<<<<

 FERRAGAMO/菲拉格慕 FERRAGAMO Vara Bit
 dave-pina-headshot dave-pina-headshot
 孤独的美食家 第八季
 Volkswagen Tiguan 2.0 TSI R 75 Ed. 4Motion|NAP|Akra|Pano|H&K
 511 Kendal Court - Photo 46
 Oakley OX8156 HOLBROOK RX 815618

>>>>
<<<<

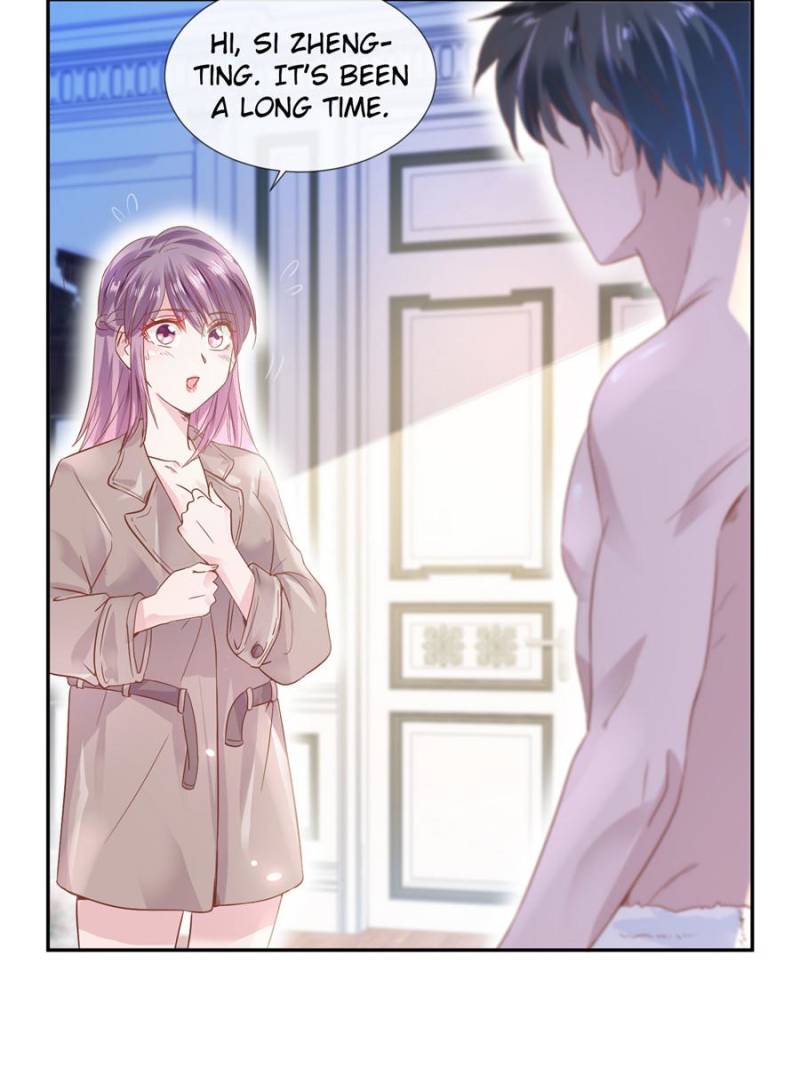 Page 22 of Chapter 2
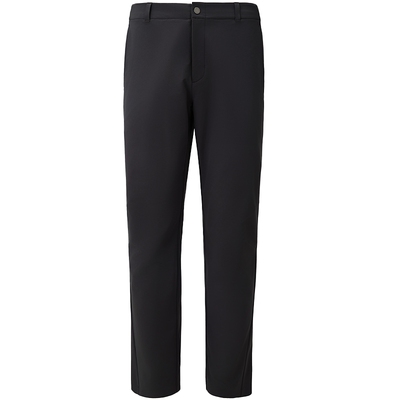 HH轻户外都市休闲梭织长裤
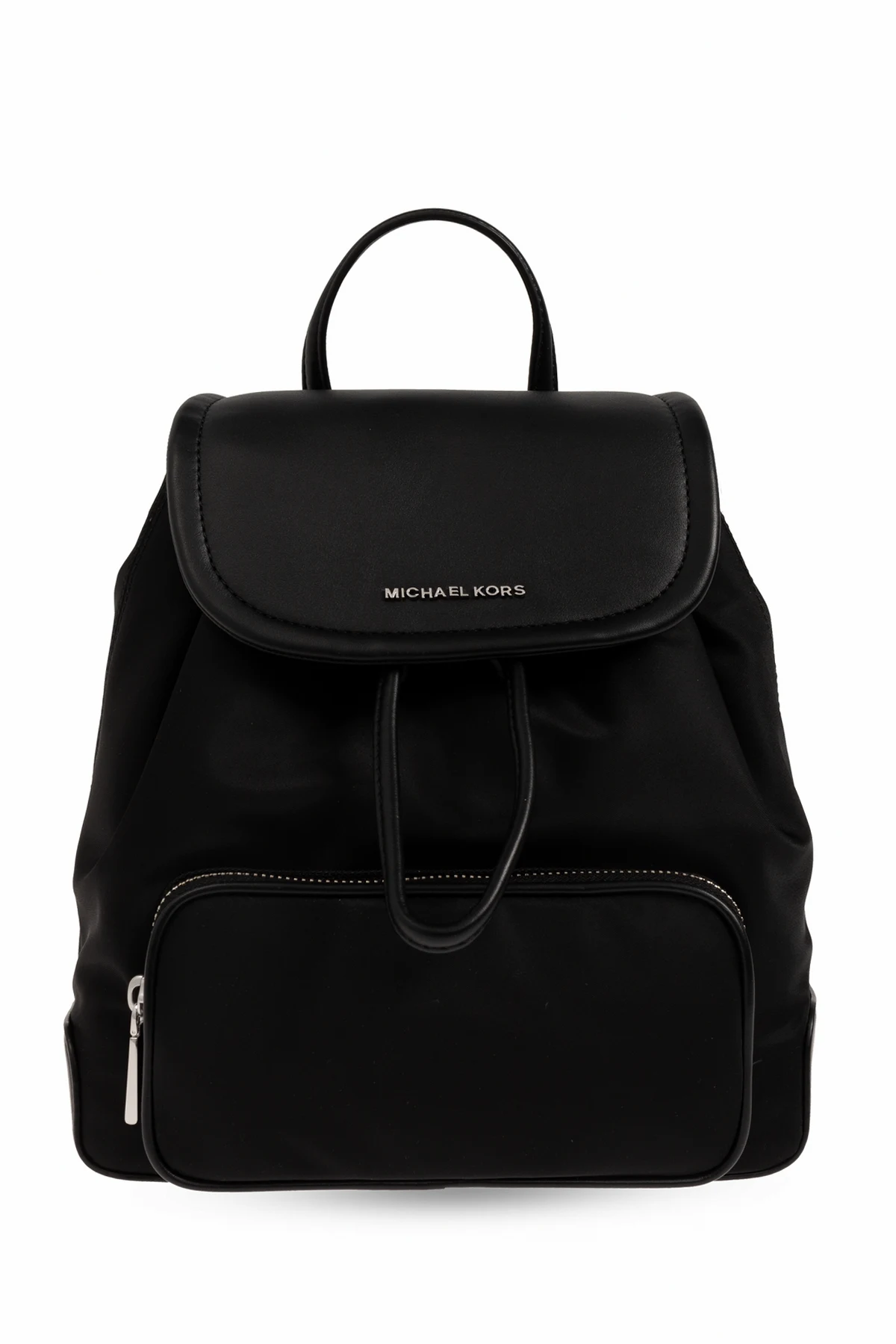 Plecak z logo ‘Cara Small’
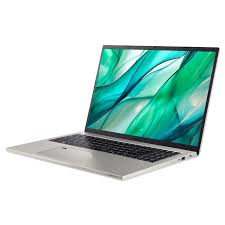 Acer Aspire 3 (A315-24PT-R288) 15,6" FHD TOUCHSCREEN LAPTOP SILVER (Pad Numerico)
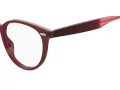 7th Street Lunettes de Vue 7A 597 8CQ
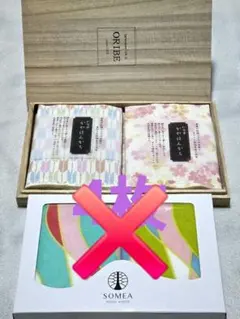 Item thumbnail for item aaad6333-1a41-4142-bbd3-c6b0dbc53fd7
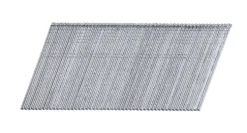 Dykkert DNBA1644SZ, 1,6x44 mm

>>>>
<<<<

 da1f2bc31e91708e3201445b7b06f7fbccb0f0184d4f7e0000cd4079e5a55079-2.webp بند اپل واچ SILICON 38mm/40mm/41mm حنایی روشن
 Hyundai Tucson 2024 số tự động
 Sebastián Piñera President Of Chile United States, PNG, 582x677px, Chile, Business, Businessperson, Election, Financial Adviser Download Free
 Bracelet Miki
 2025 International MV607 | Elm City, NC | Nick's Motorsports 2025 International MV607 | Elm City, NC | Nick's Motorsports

>>>>

• TASK OBJECTIVE: Restate word for word the lines in the material above from the one with "Sebastián Piñera President" to the one with "Nick's Motorsports 2025"; both of those lines count, and nothing else does.

• ANSWER BOX:
 Sebastián Piñera President Of Chile United States, PNG, 582x677px, Chile, Business, Businessperson, Election, Financial Adviser Download Free
 Bracelet Miki
 2025 International MV607 | Elm City, NC | Nick's Motorsports 2025 International MV607 | Elm City, NC | Nick's Motorsports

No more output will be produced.